**EXERCISE GOAL**
Exact copies of the lines below are the goal; any images in them are dropped.

**DATA**
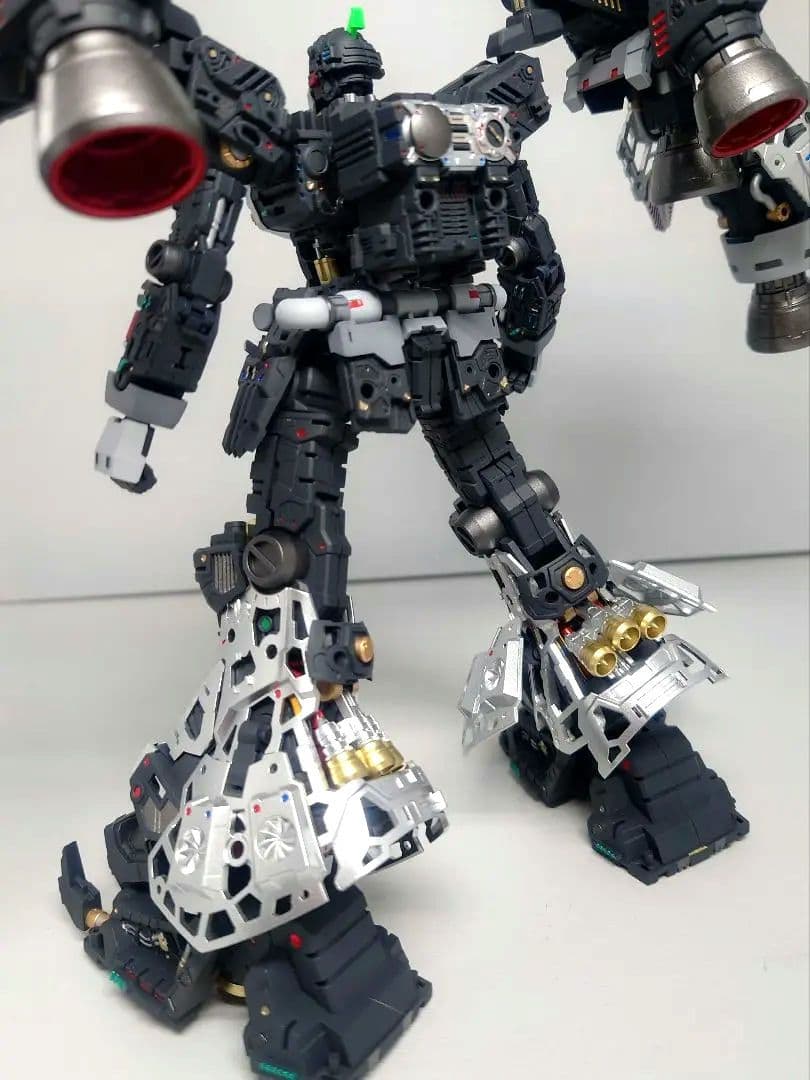 海外製 SOLMON 1/100 MGEX級 GP02A 塗装済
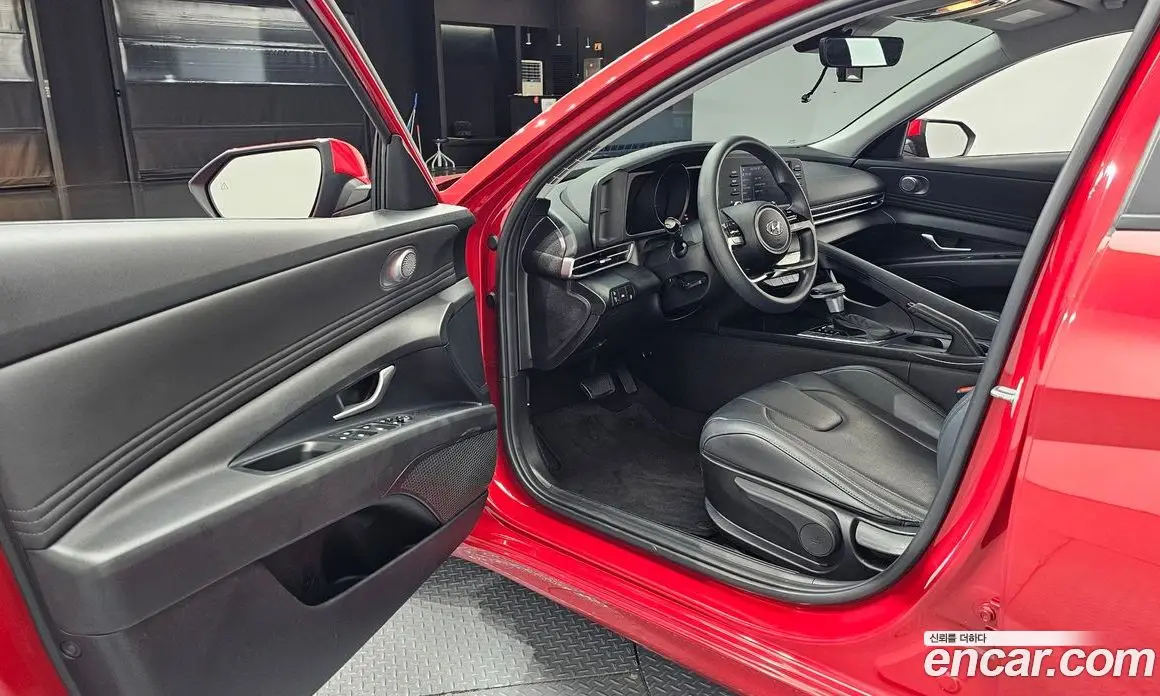 Hyundai Avante 2023 1.6 автомат (гидро), фото 12 Hyundai Avante 2023 1.6 автомат (гидро), фото 12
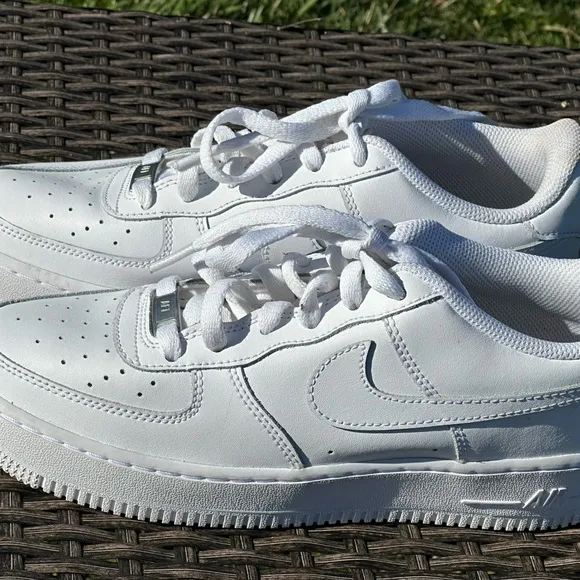 Nike Air Force 1 White Sneakers with Textured Leather and Slim Profile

**OUTPUT BELOW**
 海外製 SOLMON 1/100 MGEX級 GP02A 塗装済
 Hyundai Avante 2023 1.6 автомат (гидро), фото 12 Hyundai Avante 2023 1.6 автомат (гидро), фото 12
 Nike Air Force 1 White Sneakers with Textured Leather and Slim Profile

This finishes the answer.